# Solved: VBScript Delete Folder within a Directory



## computerman29642 (Dec 4, 2007)

I am trying to come up with a VBScript that will delete a folder within a directory without specifying a name. Does anyone know how this is done?


----------



## IT-Support (Nov 30, 2009)

I know the answer to this one. Just finished writing a script that happens to have this code in.

In your declarations you will need

Imports System.IO

In your code

Dim folderToDelete as String = "C:\Program Files\Some Folder\Folder To Delete"

If Directory.Exists(folderToDelete) Then
Directory.Delete(folderToDelete)
End If


----------



## computerman29642 (Dec 4, 2007)

IT-Support thank you for the response.

I did not want to delete the directory, and I need a code that does not require the name of teh folder within the directory to be specified.


----------



## IT-Support (Nov 30, 2009)

Sorry dude. Can you give me some more info on what your app does? I assume the user can browse to a location then? If so you could put the name of the directory of the folder they click on in a hidden textbox and reference it that way. Or do you want to loop through all folders in a directory getting the names?


----------



## computerman29642 (Dec 4, 2007)

Here is the basics of what I am trying to do. I am creating a VBScript that will create a backup (copy) of a folder in one location to another.

So, each time the VBScript runs, I would like for it to delete the old backup folder (there will only be one folder in the backup folder), and then copy the folder from the other location to the backup folder.

The folder that has been copied will be renamed something like _Folder Name_Date_ in the backup folder.

IT-Support, does this explanation help?


----------



## IT-Support (Nov 30, 2009)

Yes that does make sense, what version of VB are using? Just so i can give you the correct code. Are there going to be any subfolders inside the main one being copied?


----------



## computerman29642 (Dec 4, 2007)

Yes, there will be subfolders.

What do you mean by version of VB? I am just creating a TXT file, and renaming teh file with VBS extension. I do not actually have VB software.


----------



## IT-Support (Nov 30, 2009)

Oh ok. I thought you were using Visual Studio.

Dim SourcePath
SourcePath = "C:\stuffToBackUp"
Dim DestinationPath
DestinationPath = "D:\BackUp"

Const OverWriteFiles = True
Set objFSO = CreateObject("Scripting.FileSystemObject")

If objFSO.FolderExists(DestinationPath) Then
Else
Set objFolder = objFSO.CreateFolder(DestinationPath)
End If

objFSO.CopyFolder SourcePath , DestinationPath , OverWriteFiles


----------



## computerman29642 (Dec 4, 2007)

I tweaked teh code just a little to add the current date to the destination folder, but it is not working correctly.
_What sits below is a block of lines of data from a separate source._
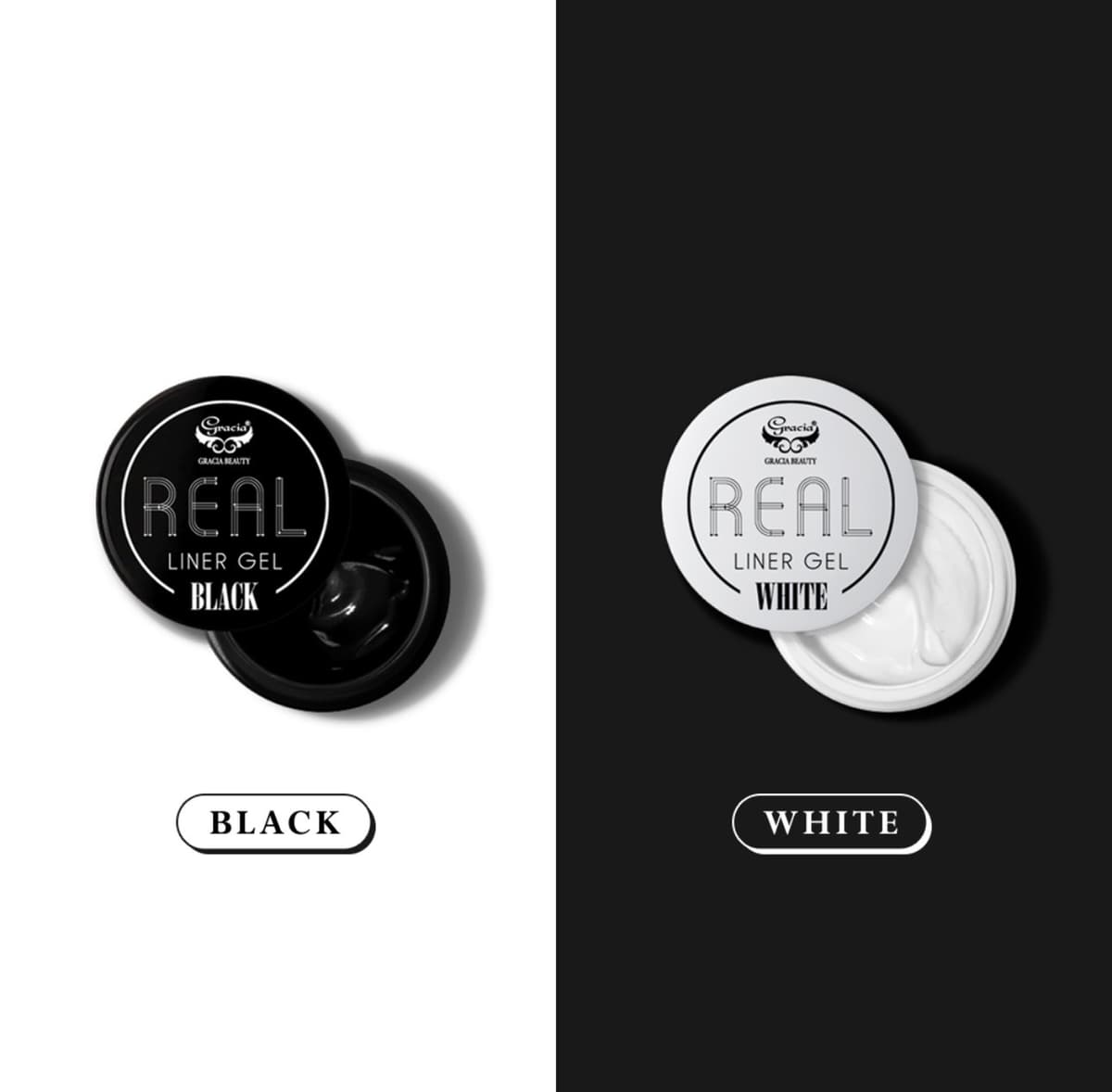 [SET] JIN.B Cream Type Real Liner Color Gel – Black & White (5g)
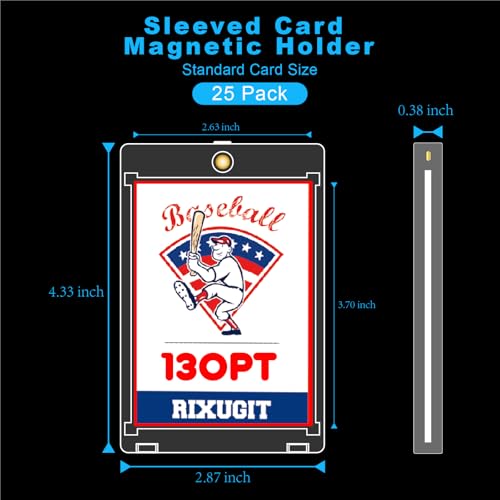 25-Pack 130pt Sleeved Card Magnetic Holders | Larger Inner Dimension 2.63"x3.7", First Insert Card into Soft Card Sleeve, Then Place into Card Holder for Double Protection - size: 25ct 130PT Sleeved Card Holder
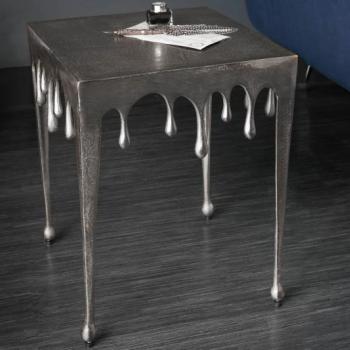 Estila Art-deco príručný stolík Liquid Line strieborný 44cm obrázok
Can you help me figure out why?

Dim SourcePath
SourcePath = "C:\Tester"
Dim DestinationPath
DestinationPath = "C:\Testing\"
Dim strDate
strDate = Right("0" & DatePart("m",Date), 2) & "-" & Right("0" & DatePart("d",Date), 2) & "-" & DatePart("yyyy",Date)
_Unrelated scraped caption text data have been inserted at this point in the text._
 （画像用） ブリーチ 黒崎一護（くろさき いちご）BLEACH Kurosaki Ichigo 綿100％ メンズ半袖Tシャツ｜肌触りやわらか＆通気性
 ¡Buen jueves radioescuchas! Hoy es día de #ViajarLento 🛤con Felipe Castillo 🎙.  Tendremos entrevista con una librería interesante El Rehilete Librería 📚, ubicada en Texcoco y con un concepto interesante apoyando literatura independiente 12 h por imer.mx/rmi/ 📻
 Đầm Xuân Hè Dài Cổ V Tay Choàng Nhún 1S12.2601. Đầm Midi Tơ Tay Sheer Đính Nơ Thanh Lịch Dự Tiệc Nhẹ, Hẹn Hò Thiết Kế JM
Const OverWriteFiles = True
Set objFSO = CreateObject("Scripting.FileSystemObject")

If objFSO.FolderExists(DestinationPath) Then
Else
Set objFolder = objFSO.CreateFolder(DestinationPath)
End If

objFSO.CopyFolder SourcePath , DestinationPath & "_" & strDate, OverWriteFiles

*BTW, The folder that is copied to the backup folder should keep the same name as the source folder just with the current date added to the end.*


----------



## IT-Support (Nov 30, 2009)

Dim SourcePath
SourcePath = "C:\Tester"
Dim DestinationPath

Dim strDate
strDate = Right("0" & DatePart("m",Date()), 2) & "-" & Right("0" & DatePart("d",Date()), 2) & "-" & DatePart("yyyy",Date())

DestinationPath = "C:\Testing" & "_" & strDate

Const OverWriteFiles = True
Set objFSO = CreateObject("Scripting.FileSystemObject")

If objFSO.FolderExists(DestinationPath) Then
Else
Set objFolder = objFSO.CreateFolder(DestinationPath)
End If

objFSO.CopyFolder SourcePath, DestinationPath, OverWriteFiles

That should do it.


----------



## computerman29642 (Dec 4, 2007)

The destination folder is not being placed in the folder I ceated in the destination path due to the date being added. The FolderExist portion of the code is making a new folder to be created.


----------



## IT-Support (Nov 30, 2009)

Dim SourcePath
SourcePath = "C:\Tester"
Dim DestinationPath

Dim strDate
strDate = Right("0" & DatePart("m",Date()), 2) & "-" & Right("0" & DatePart("d",Date()), 2) & "-" & DatePart("yyyy",Date())

DestinationPath = "C:\Testing\backup" & "_" & strDate

Const OverWriteFiles = True
Set objFSO = CreateObject("Scripting.FileSystemObject")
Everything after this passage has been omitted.